• Work request
The response should consist of the records that follow, printed exactly.

-------- Exercise data --------

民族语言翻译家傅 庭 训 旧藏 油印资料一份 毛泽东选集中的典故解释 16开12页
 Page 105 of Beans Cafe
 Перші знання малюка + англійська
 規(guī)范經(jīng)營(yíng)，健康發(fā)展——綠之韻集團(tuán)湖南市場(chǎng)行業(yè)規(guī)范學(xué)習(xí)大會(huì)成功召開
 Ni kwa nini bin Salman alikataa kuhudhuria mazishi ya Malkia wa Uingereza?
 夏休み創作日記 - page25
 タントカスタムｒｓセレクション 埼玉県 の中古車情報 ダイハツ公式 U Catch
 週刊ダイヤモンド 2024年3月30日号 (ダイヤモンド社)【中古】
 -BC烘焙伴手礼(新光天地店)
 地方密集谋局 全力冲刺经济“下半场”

--------

• Exercise response
民族语言翻译家傅 庭 训 旧藏 油印资料一份 毛泽东选集中的典故解释 16开12页
 Page 105 of Beans Cafe
 Перші знання малюка + англійська
 規(guī)范經(jīng)營(yíng)，健康發(fā)展——綠之韻集團(tuán)湖南市場(chǎng)行業(yè)規(guī)范學(xué)習(xí)大會(huì)成功召開
 Ni kwa nini bin Salman alikataa kuhudhuria mazishi ya Malkia wa Uingereza?
 夏休み創作日記 - page25
 タントカスタムｒｓセレクション 埼玉県 の中古車情報 ダイハツ公式 U Catch
 週刊ダイヤモンド 2024年3月30日号 (ダイヤモンド社)【中古】
 -BC烘焙伴手礼(新光天地店)
 地方密集谋局 全力冲刺经济“下半场”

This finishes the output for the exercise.